In Matthew’s Gospel, these are Jesus’ last words to His disciples—words He offers them at the end of His time on earth as He departs and ascends and returns to the Father. They are, then, Jesus’ words of farewell to His closest friends to whom He has entrusted the continuation of His ministry…and these words can be said to be addressed to us as well!
Loving the disciples—and us—as He does, Jesus offers words of reassurance—I Will Be With You Always. However, Jesus also gives to them—and us—a task…a mission: Go therefore and make disciples of all nations…
The theme for this year’s Congress then conveys two profound aspects of our Eucharistic faith: 1) The reassurance of Jesus’ perpetual presence to us through His real presence in the Eucharist and 2) the Eucharist’s commissioning of us to an apostolate of justice unto the world. In other words, the Eucharist speaks to us—as Jesus spoke to the disciples—of the interconnection between His ongoing presence and our Christian mission to the world.
Jesus’ Presence in the Eucharist—I Will Be With You Always
Central to our Catholic faith is the conviction that Jesus is really, truly and substantially present to us in the Eucharist. Therefore, the Eucharist is, indeed, the source and summit of our faith (The Second Vatican Council’s Decree on the Liturgy, Sacrosanctum Concilium, #10). Being in the presence of another affords us an encounter with that person. An encounter with another should be transformative, i.e., I am moved to behave and act in a manner respective of the one I encounter.
Consider the difference of how you might act if you enter a room and believe that you are alone…versus entering a room aware of the presence of another. Through the Eucharist Jesus takes the initiative to generously make Himself present to us and to afford us an encounter with Him. Christ makes His presence among us actively visible and tangible…by extending among us on earth in visible form the function of His bodily reality which is in heaven—This is precisely what the sacrament is: the earthly extension of the body of the Lord (Edward Schillebeeckx, O.P., Christ the Sacrament of the Encounter with God, p. 41).
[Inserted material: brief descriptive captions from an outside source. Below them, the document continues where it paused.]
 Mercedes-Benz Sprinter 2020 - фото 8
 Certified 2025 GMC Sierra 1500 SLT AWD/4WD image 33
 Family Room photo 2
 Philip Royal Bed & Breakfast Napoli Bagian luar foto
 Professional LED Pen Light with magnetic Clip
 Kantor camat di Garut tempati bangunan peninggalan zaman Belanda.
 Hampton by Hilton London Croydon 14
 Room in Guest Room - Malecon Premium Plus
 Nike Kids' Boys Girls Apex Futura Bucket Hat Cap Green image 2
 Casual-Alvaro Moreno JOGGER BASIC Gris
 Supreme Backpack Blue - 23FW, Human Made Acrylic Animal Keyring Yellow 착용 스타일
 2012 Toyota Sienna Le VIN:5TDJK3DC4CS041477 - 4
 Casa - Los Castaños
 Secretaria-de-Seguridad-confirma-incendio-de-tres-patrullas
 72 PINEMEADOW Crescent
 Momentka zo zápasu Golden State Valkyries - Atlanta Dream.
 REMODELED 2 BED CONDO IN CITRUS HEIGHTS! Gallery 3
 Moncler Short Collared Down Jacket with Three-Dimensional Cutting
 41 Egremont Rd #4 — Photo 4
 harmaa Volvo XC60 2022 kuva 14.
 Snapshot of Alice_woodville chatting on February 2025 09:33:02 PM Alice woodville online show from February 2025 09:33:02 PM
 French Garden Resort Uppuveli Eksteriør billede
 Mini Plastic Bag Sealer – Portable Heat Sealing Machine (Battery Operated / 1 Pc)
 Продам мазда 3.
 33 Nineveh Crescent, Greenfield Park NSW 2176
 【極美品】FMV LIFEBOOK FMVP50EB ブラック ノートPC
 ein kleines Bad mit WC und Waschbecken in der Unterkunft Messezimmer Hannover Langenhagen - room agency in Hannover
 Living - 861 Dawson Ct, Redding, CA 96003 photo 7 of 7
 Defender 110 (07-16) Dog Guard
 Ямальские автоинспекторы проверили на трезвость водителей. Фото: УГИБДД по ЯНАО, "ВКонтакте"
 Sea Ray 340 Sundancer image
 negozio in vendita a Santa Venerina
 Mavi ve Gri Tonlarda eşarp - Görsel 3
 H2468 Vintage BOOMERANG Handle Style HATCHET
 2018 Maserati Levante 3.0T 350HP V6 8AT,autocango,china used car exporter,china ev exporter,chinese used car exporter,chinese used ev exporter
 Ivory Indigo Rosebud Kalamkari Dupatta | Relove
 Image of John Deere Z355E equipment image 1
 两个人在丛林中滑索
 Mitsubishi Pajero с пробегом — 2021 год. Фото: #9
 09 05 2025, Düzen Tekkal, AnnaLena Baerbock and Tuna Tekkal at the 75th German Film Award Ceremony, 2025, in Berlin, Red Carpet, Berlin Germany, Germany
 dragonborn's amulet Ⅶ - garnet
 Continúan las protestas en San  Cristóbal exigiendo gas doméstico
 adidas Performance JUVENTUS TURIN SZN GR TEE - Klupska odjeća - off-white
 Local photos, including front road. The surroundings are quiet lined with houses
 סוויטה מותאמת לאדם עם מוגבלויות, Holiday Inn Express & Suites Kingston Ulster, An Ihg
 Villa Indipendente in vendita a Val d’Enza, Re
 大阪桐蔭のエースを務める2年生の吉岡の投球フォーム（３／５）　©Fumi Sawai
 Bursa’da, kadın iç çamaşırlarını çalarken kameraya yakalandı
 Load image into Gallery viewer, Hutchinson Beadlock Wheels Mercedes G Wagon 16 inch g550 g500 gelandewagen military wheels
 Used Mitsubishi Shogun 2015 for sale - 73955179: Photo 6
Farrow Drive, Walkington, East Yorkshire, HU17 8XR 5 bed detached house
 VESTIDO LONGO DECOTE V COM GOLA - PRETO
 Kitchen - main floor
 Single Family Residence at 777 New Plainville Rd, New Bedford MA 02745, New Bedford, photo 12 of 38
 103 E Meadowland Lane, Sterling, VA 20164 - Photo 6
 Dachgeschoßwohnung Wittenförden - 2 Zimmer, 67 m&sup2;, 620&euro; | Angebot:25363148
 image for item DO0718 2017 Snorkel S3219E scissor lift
In those words from Ascension Thursday Jesus reassured His disciples that He would be with them always. He assures us, too, of the same by using the sacrament as the means by which He continuously extends to us His ongoing presence and grace. Jesus’ heavenly saving activity which is invisible to us becomes visible in the Eucharist. Jesus utilizes the sacrament as a means to bridge the gap between us and Him thereby making an encounter with Him possible even after His Ascension—The sacrament is an earthly prolongation of the glorified Christ…the face of redemption turned visibly to us (Schillebeeckx p.44). To receive the sacrament, therefore, is to encounter Jesus.
Not only does Jesus make Himself present to us in the Eucharistic species—so powerfully experienced in devotions such as this–His presence in the Eucharist is further assured by His presence to us in the gathered Eucharistic assembly; the act of remembrance (anamnesis) by which we recall the Jesus Event in a manner that renders the Event present to us anew, calling us to commit ourselves to sharing this Good News with others; the priest who acts in the person of Jesus; and the proclamation of the word (Scripture) through which we encounter the WORD (Jesus).
Christ is always present in His Church, especially in her liturgical celebrations. He is present in the sacrifice of the Mass, not only in the person of His minister…but especially under the Eucharistic species. By His power He is present in the sacraments…He is present in His word, since it is He Himself who speaks when the holy scriptures are read in the Church. He is present, lastly, when the Church prays and sings, for He promised: “Where two or three are gathered together in my name, there am I in the midst of them” (Matt. 18:20) (The Second Vatican Council’s Decree on the Liturgy, Sacrosanctum Concilium #7).
The Missionary Aspect of the Eucharist—Our Christian Call to Social Justice
To encounter Jesus, then, is to be transformed.
Immediately prior to the passages in Matthew cited above, the Gospel tells us that the disciples were at a mountain in Galilee processing the mystery of Jesus’ Resurrection. Upon initially seeing the Risen Christ the Gospel reports that the disciples worshipped Jesus, but still doubted. It is only when Jesus approaches and speaks to them—affords them an encounter—that the disciples are transformed—moving from uncertainty to missionary zeal. So, too, it is with us. As Jesus approaches us in the Eucharist, affording us an encounter with Him, He speaks to us through His Word proclaimed and commissions us—just as he did the disciples—with a missionary mandate to go forth and to share our faith with others.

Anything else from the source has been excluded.